For more than three years, Grace Davis lived on Schurman Drive in north Santa Rosa.
She lived alone. No pets, no kids. She spent most of her time in Steele Lane Park, regardless of the weather, making conversation with friends and strangers alike.
She seemed to know everyone in the tight-knit neighborhood. The neighbor who lived just behind her. The couple across Schurman Drive. The woman on Steele Lane whose home backs up to the park. The man who walks his dog in the park.
Neighbors, who ultimately became friends, described 58-year-old Grace Davis as friendly, educated and positive. A true source of support.
One called her “Amazing Grace.”
So when, on the morning of April 5, neighbors saw no sign of Grace, their worry was immediate.
A woman who had become a key piece of this neighborhood had simply disappeared.
Tracy Dorrance, Grace’s neighbor across the street, called Santa Rosa police.
The only sign that Grace Davis had lived in this neighborhood for more than three years was a nearly perfect rectangle of dirt, the spot where the grass could not grow under her well-worn 6-person tent in Steele Lane Park.
It was the latest in a series of tents she called home for those three years as she forged relationships with her neighbors, kept the park safe for them, and occasionally turned to them for help when the weather got too severe.
The fact that a bare spot in the park is all that’s left of Grace’s presence tells us a lot about our community’s relationship with homelessness, an increasingly intractable problem compounded by a scarcity of affordable housing, deepening mental health issues and, in many cases, drug and alcohol abuse.
Grace is one of the approximately 2,800 experiencing homelessness in Sonoma County, where chronic homelessness has spiked 43% since 2020. It would be easy to see her as a statistic.

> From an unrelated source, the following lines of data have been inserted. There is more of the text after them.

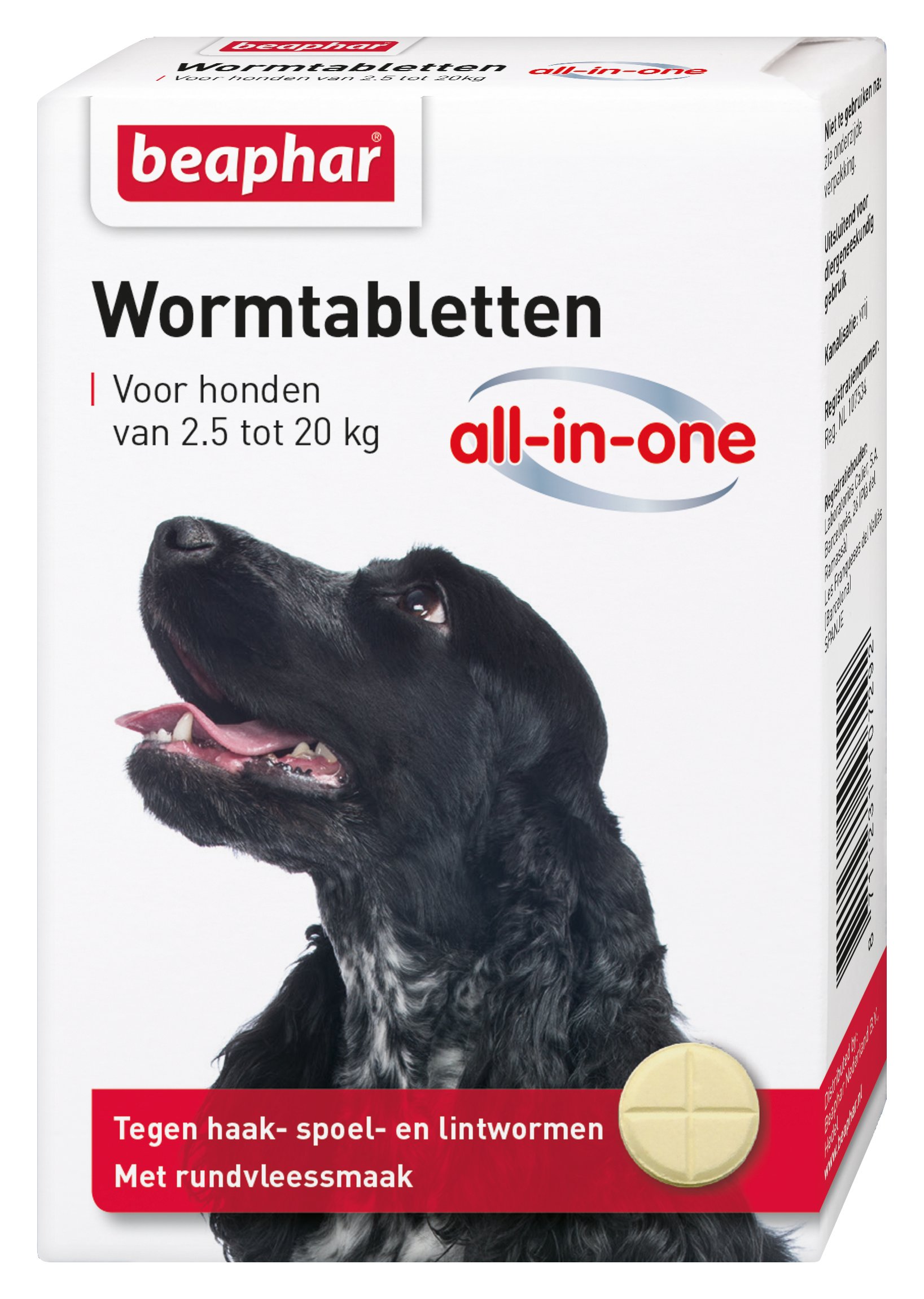 Beaphar All-in-one Tabletten - Ontwormen Hond - 2 Stuks - S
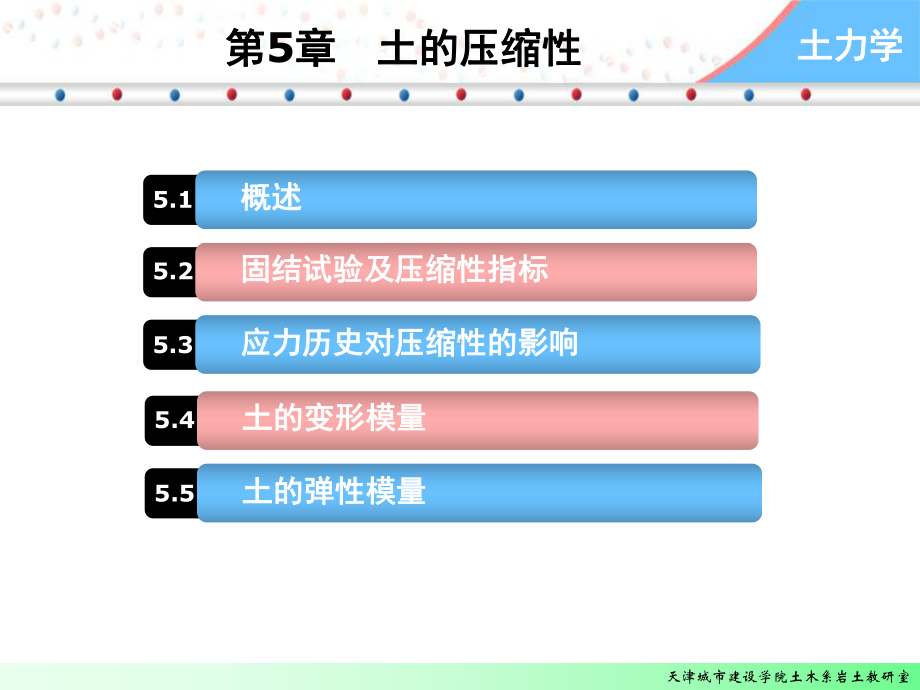 土力学第五章土的压缩性课件.ppt_第1页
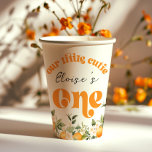 Little cutie 1st birthday citrus oranges paper cups<br><div class="desc">Little cutie 1st birthday citrus oranges Paper Cups 
Matching items available.</div>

But how many other homeless women have lived for three years in the same city park?
How many have defended that park and kept drug use and criminal activity at bay?
How many were on a first-name basis with their neighbors, so much so that those same neighbors would take her in when the weather got bad and allow her to bathe and do laundry in their homes?
And how many prompted worried calls and emails when they suddenly one day disappeared?
To Grace’s neighbors around Steele Lane Park, she was not a problem, but a blessing. In that sense, she is unique. An outlier. An exception.
But in a twist of irony, our community’s attempt to address homelessness writ large may have caused Grace to lose the place she’s called home for three years.
In March, Sonoma County established a controversial $3 million, 87-tent outdoor homeless shelter just a short walk from Steele Lane Park.
As officials worked to be good neighbors and calm neighborhood fears over the shelter, Grace’s friends say, she became collateral damage in the well-intentioned efforts to minimize the operation’s impact on the area.
Even as officials expressed heartbreak over Grace’s situation, they acknowledged that government policies apply to the many, not the few. If they let Grace stay in the park they would have to let everybody stay in the park.
There can be no exceptions for outliers.
I first learned of Grace and her disappearance the day she was evicted. A friend who lives in the area texted me and was concerned.
It didn’t take me long to find her. After a few inquiries, I was told she’s a regular at Peet’s Coffee on Mendocino Avenue.
There, I saw a woman wearing an off-white fleece pullover, black sweatpants and Ugg boots engaged in friendly conversation with a Santa Rosa Junior College police officer.
Then a Peet’s employee, clearly familiar with her, called out, “Grace, your sandwich is ready.”
The coffee shop is just a short walk from the park where Grace lived in a neighborhood of mostly single-story homes that feels far quieter than the busy streets that surround it suggest.